They pretend they are on the side of facts, inevitability and optimal health outcomes, while we are mad ideologues.
But this is pure projection. In fact, they are the zealots waging pointless culture wars, because how else do you describe people who refuse to change their minds in the face of overwhelming evidence?
Evidence has piled up for years of the harms of illicit drugs, from pill deaths at dance festivals to longitudinal studies establishing the risks of marijuana-induced psychosis, especially in adolescent brains.
Yet legalisation advocates cling to a utopian vision of a drugs free-for-all where no one suffers ill-effects.
Their arguments don’t make sense.
For starters, the reason most young people don’t use illegal drugs is precisely because they are not legal. Prohibition works. More than 86 percent of high school students have never partaken, according to the National Drug Strategy Household Survey.
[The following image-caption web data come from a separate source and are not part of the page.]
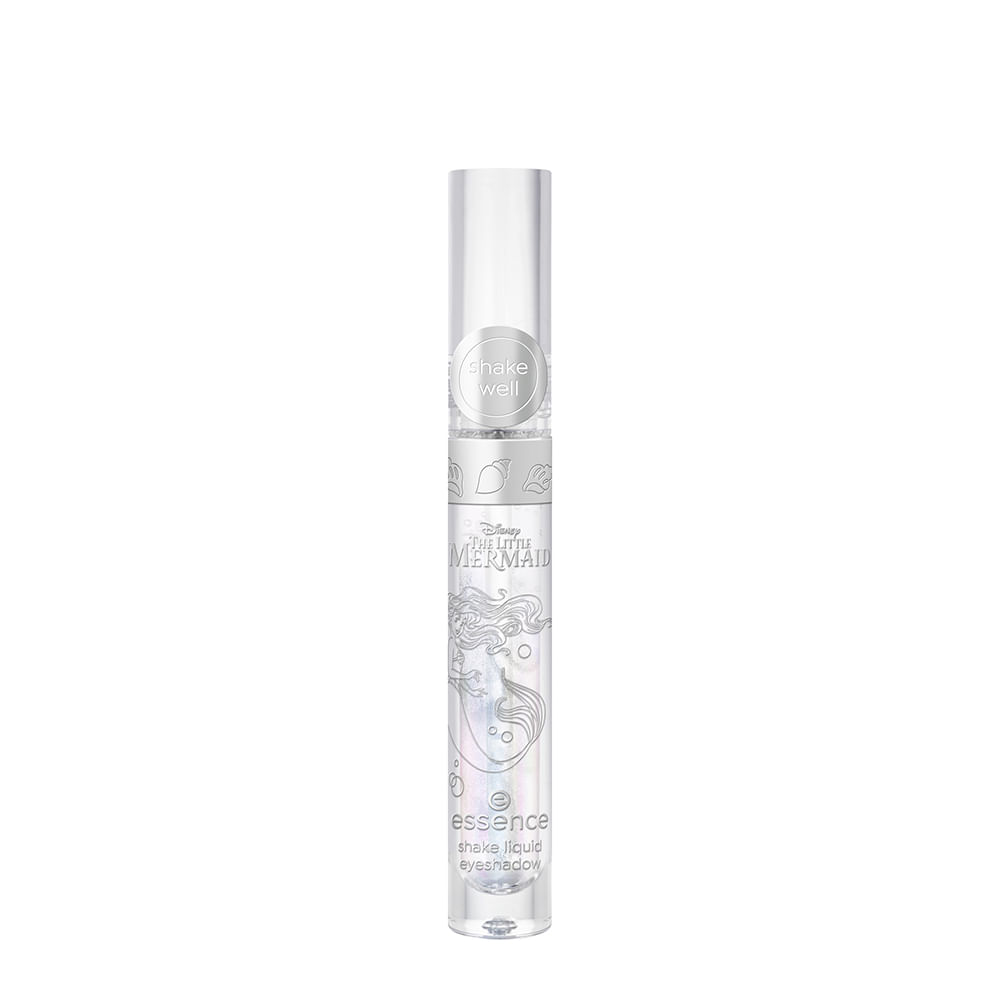 Sombra Líquida Essence Disney a Pequena Sereia 01 Eye Shine Like The Sea 3,6ml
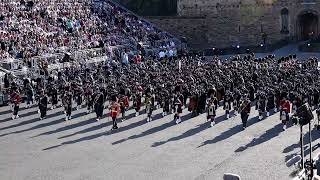 The Royal Edinburgh Military Tattoo 2023 [upl. by Kreg]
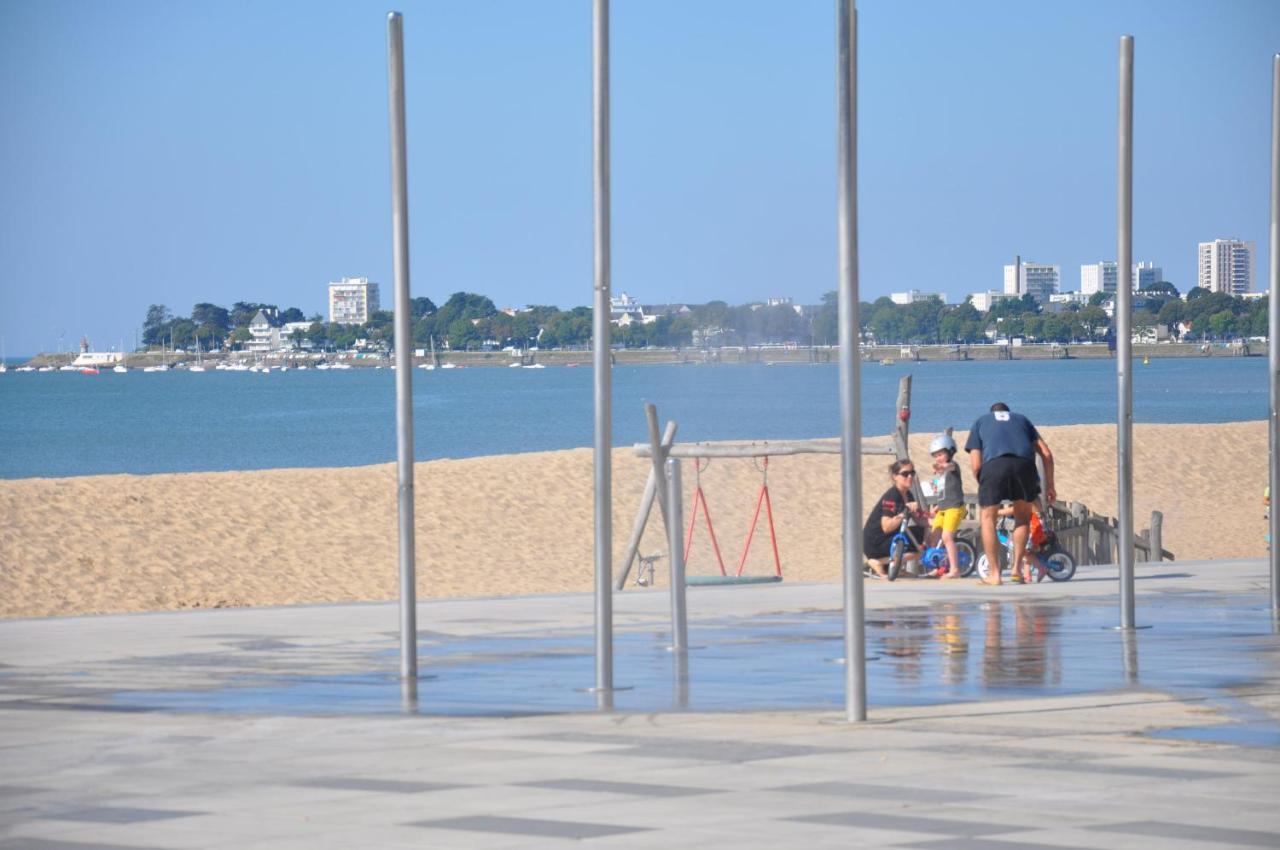 Appartement Cosy Refait A Neuf Au Coeur De Saint Nazaire A 300M Du Front De Mer מראה חיצוני תמונה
Further, more than 84 per cent of all Australians had not used drugs in the previous 12 months, if ever.
So why would we contemplate heeding the siren song of drug liberalisers just to make life easier for a small minority of law-breakers.
It is obvious that legalising a drug like, say, marijuana will create more marijuana users — because there will no longer be a disincentive for law-abiding people.
Therefore, logically, there will be more mental health problems among young people. It is reckless stupidity to advocate legalising substances guaranteed to exacerbate the existing crisis.
In any case, we already have a legal mind-altering drug embedded in our social fabric, for better or worse, and the ill-effects of alcohol are more than enough. Why add more harmful substances to the mix, to interact in unpredictable ways, creating more mayhem for emergency workers?
Of course, policing drugs is an expense, but there is a cost in every law we enforce.
That doesn’t mean that we stop enforcing the law.
The benefits of drug law enforcement was evident during John Howard’s successful (but sadly discontinued) Tough on Drugs program, which combined stronger policing with better rehabilitation options for addicts.
Drug use fell for the first time in three decades and fewer young people experimented.
We never said drug use had been eradicated. That’s just another lie of drug liberalisers, who created the straw man of a failed “war on drugs”.
Like all illegal activity, drug use always will exist but, if we don’t lose our will, we can keep it confined to a fringe group of experimenters, law-breakers and losers.